Je ne sais pas si vous vous souvenez de Bienvenu Mbutu Mondondo... ?
C'est ce Congolais qui a porté plainte en Belgique pour racisme contre l'album « Tintin au Congo ». (pour info, la plainte a été jugée recevable en décembre dernier, et est toujours suivie par ActuaBD).
C'est une affaire qui à première vue peut paraître dérisoire, et qui fait même sourire, car tout le monde est d'accord pour reconnaître qu'Hergé à l'époque (en 1930) n'avait fait que reproduire la vision communément “admise” par l'Europe sur ses colonies et ses bons sauvages dont il faut apporter les “bienfaits” de la “civilisation”. L'auteur de Tintin avait d'ailleurs édulcoré son album dans la version couleur en 1946, remplaçant la fameuse leçon de Tintin aux Noirs sur la Belgique par une leçon de Mathématiques, mais Hergé n'avait pas supprimé les répliques sur la paresse supposée des Congolais.

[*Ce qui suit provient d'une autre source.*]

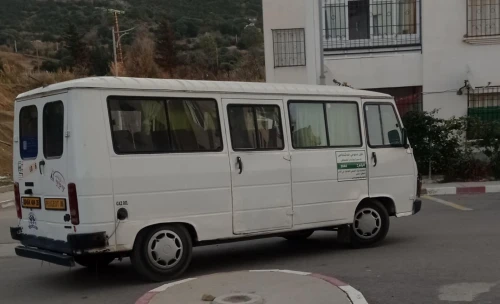 Peugeot J9 2004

Mais revenons à la fiction. Paul Delisle est un jeune homme au destin marqué. Lui et sa mère ont été abandonnés par leur père, parti chercher fortune et un nouveau foyer dans le vaste Congo. Rien à faire des convenances de la bourgeoisie Belge et de la morale chrétienne. Marqué par cette histoire, le jeune Paul est entré dans les ordres. Et alors qu'il est encore séminariste, part lui aussi au Congo. On est en 1913, Léopold II est mort depuis 4 ans, la croissance du petit état Belge est dûe à une colonie 80 fois plus grande qu'elle... et Paul n'a jamais eu qu'une seule et unique lettre de son père.
Sa mission au Congo Belge est donc plus motivée par la volonté de le retrouver malgré sa famille et ses supérieurs que par les besoins en éducation et en religion qui permettront aux Africains noirs de profiter de la civilisation Chrétienne. Sur place, il découvrira que son père a une importante plantation, qu'il a d'autres enfants, mais aussi une réputation exécrable de violence et d'ivrognerie.
Mais des illusions de Paul, celles qui vont en prendre un sacré coup, ce sont celles concernant le sort des populations indigènes. Le rêve Africain y tourne au cauchemar. L'Europe ne devrait pas tant se vanter de son “œuvre” colonisatrice : exactions, mutilations et massacres des autochtones sont monnaie courante.
L'ombre du roi n'est pas que celle du père qui a abandonné son fils, et dont ce dernier n'avait aucune nouvelle, c'est aussi celle de Léopold II, et d'une ombre qu'il a laissé sur sa propriété personnelle (le Congo Belge) et son royaume (la Belgique). C'est aussi l'ombre de l'explorateur Stanley (celui qui pas loin des des sources du Nil avait dit « Doctor Livingstone, I presume »), qui a acheté une part du continent noir sur commission de Léopold II, comme une vulgaire propriété agricole où d'ailleurs ledit Léopold II n'y a jamais mis les pieds. Une histoire qui empoisonne encore les relations entre la Belgique et son ancienne colonie, devenue indépendante il y a exactement 50 ans.
Le dessin en couleurs directes de Frédéric Bihel est à tomber. Il nous avait séduit dans les années 1980s avec la série « Les héritiers du soleil » oùil contait une intrigue politique l'Égypte au temps de Moïse, ou avec les mêmes scénariste, « L'Afghan », une biographie du commandant Massoud. Le scénario des époux Charles est captivant, mais on a l'impression d'une lourdeur avec les changements incessants d'époques ou de personnages. C'est à se demander s'il n'aurait pas gagné si les scènes avaient été agencées différemment.
Ne loupez pas la première édition, qui offre à la fin un carnet de croquis avec quelques lignes de textes très intéressantes.